Like so many young people growing up in Central Asia, Ulzhan* was headed for destruction. Throughout the former Soviet countries, increasing numbers of youth are turning to alcohol and drugs. Ulzhan needed larger and larger quantities of alcohol and drugs to fill the hole in his soul. When Jesus came into his life through the church, everything changed. Life became meaningful.

Today, he serves God in often very stressful circumstances in Central Asia. Open Doors recently spoke to the now underground church leader at a secret location. In this rare interview, Ulzhan reveals how God grabbed hold of his heart, how he fiercely prayed for his Muslim parents, and how God uses persecution to grow His Church.

Can you share with us how you came to faith?

My grandmother was an Orthodox Christian. She had a big impact on me. She was so nice and prayed diligently. She really took good care of me. She was quite rich for Soviet standards but never counted her money. Instead, she used it to bless others, including me.

But my life slipped away after I came back from serving the army at age 20. Life just didn’t have any purpose. I did what so many young people do in Central Asia: I drank a lot of alcohol and used drugs to make me feel better. I started using drugs when I was 14 years old.
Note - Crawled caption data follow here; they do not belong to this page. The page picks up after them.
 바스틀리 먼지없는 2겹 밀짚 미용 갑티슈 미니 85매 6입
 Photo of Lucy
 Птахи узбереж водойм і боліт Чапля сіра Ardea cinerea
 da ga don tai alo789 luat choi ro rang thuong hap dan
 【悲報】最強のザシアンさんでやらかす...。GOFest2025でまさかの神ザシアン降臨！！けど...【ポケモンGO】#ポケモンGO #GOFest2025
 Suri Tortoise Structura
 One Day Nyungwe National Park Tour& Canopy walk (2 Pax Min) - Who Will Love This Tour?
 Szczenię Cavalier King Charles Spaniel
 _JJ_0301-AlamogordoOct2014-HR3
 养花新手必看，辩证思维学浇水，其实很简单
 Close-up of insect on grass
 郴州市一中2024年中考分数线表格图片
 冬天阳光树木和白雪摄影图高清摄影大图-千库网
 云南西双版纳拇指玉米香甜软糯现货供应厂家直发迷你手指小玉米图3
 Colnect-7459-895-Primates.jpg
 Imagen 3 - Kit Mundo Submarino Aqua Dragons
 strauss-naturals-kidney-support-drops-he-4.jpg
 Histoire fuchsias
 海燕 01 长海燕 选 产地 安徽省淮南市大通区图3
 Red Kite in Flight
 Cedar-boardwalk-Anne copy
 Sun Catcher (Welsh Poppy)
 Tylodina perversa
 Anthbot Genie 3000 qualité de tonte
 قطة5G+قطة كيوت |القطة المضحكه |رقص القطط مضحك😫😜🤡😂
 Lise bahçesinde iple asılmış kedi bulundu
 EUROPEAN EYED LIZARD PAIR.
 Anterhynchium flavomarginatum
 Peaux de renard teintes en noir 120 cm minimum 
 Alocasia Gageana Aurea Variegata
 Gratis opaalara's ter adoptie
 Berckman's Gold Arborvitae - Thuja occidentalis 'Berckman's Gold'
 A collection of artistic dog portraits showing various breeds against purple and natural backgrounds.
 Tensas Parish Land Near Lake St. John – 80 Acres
My friends and I lived for that kind of fun. Later, I worked as a bodyguard. Some girls came up to my client and told him: ‘We believe in Jesus Christ. He is our Savior!’ They invited him to go to church. But he told them he was a Muslim and suggested they invite his bodyguard.

I was a Muslim too! Not a very strong one, of course. I agreed to go to church with them. I got a Bible and went to church. That church showed me there was a different way—that life had meaning. Within one month, I didn’t drink, smoke or use drugs anymore. My friends stopped seeing me because I was no longer fun to hang out with. They even warned me, “You are a very strange believer! You go to a sect! Stop visiting that church if you know what’s good for you!”

How did your parents respond when you became a believer?

My relationship with my parents was never very good. That’s why I spent so much time with my grandmother. My parents were always busy working. The problems I had with them continued to be the same. There were many quarrels. They didn’t like that I had become a Christian.

What did you do?

I prayed for many years. Fifteen years for my mother, then she became a believer. I had to pray even longer for my father, 21 years. He became a follower of Christ only one year before his death.

What about your friends? Did you pray for them too?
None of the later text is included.